Activity: Reproduce precisely the lines of the material below from the line containing "A cozy loft" up to and including its last line. Pictures must not be copied.
[Data shown]
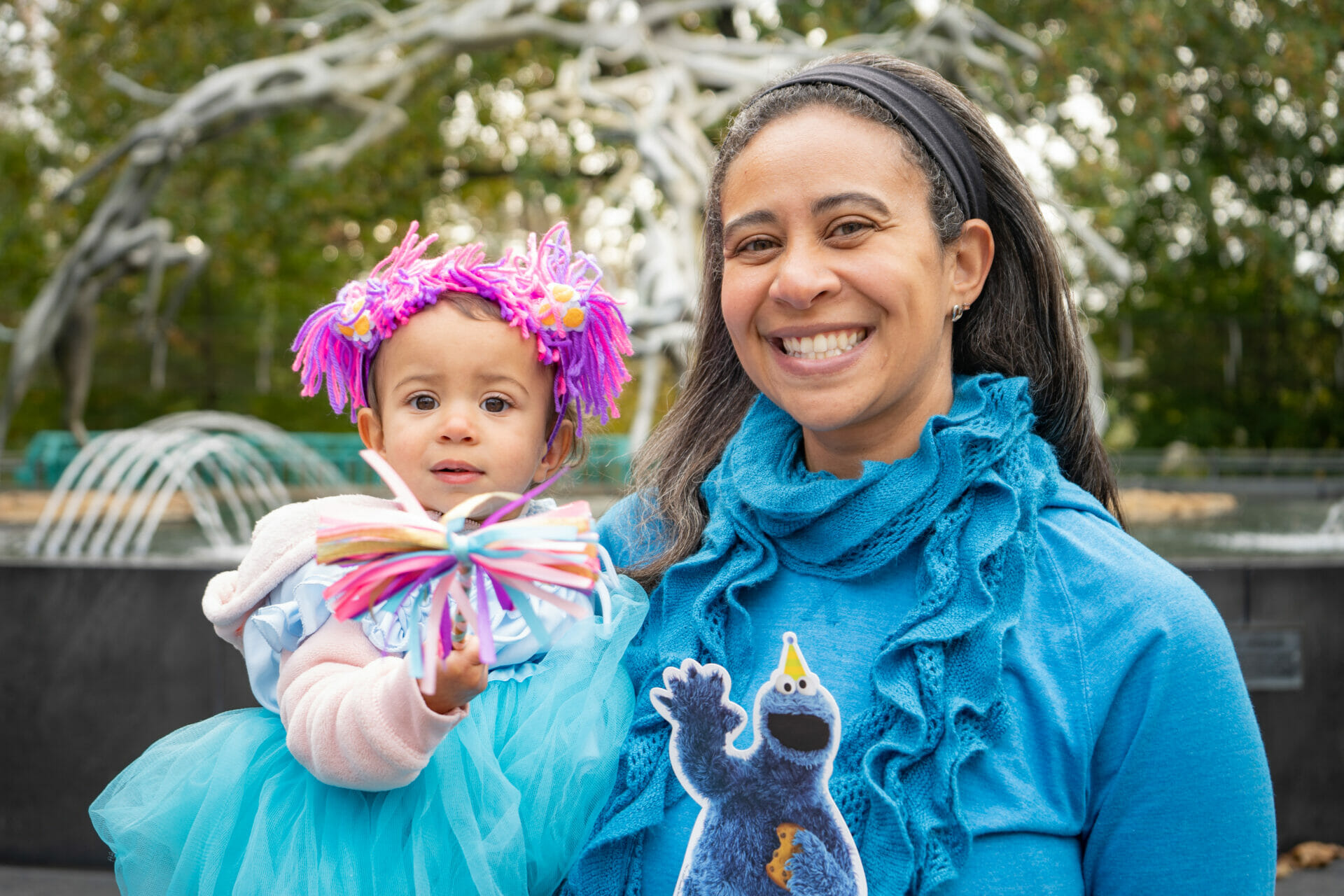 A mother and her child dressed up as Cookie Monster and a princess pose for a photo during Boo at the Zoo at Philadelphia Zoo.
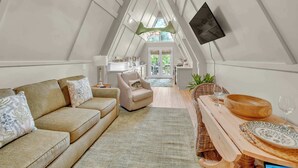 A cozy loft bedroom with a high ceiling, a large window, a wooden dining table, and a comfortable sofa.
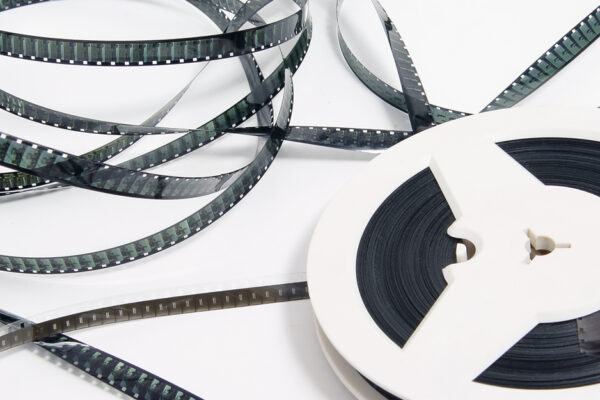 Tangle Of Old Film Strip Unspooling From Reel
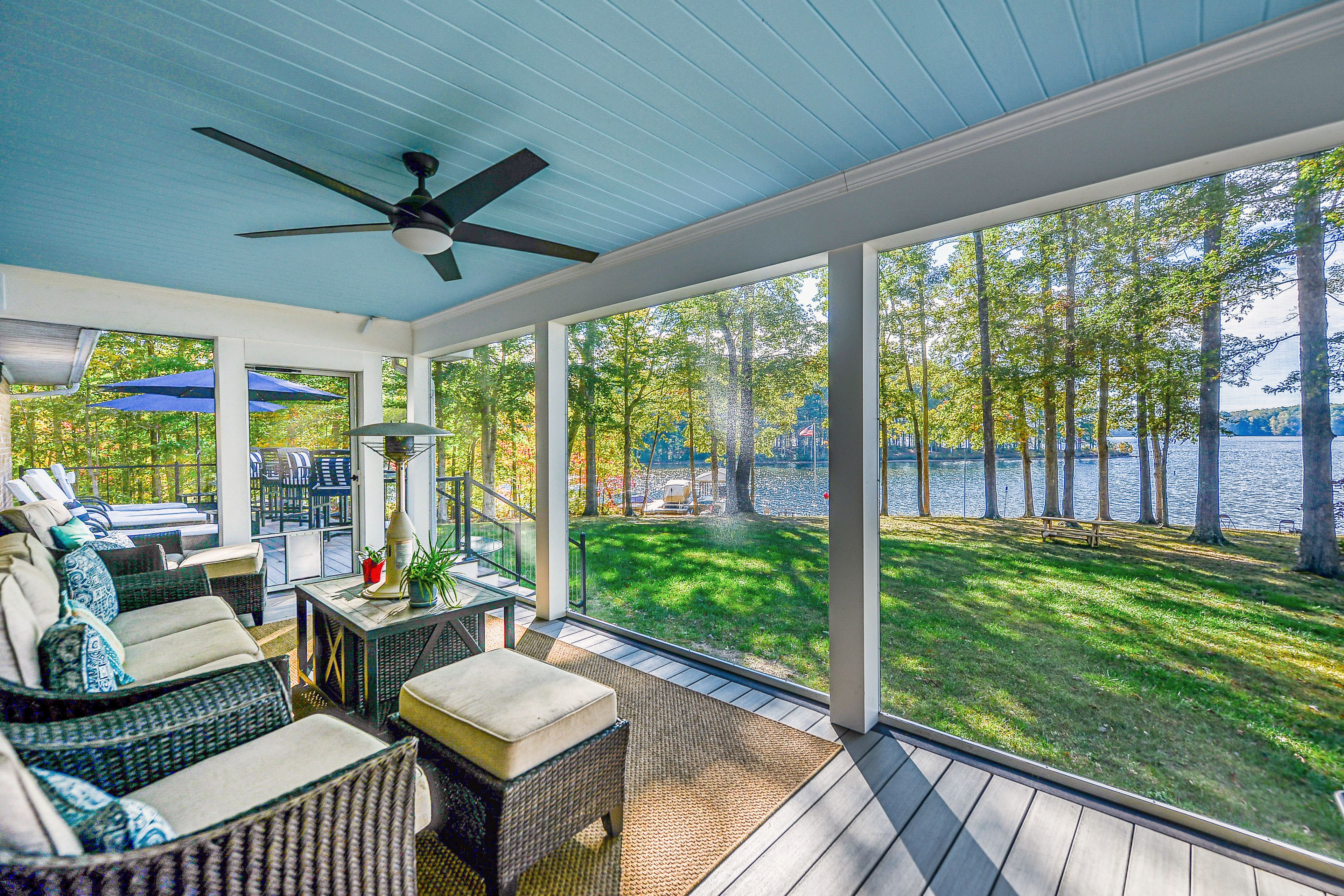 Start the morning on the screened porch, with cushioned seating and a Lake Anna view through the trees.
[/Data shown]
Result of the task:
 A cozy loft bedroom with a high ceiling, a large window, a wooden dining table, and a comfortable sofa.
 Tangle Of Old Film Strip Unspooling From Reel
 Start the morning on the screened porch, with cushioned seating and a Lake Anna view through the trees.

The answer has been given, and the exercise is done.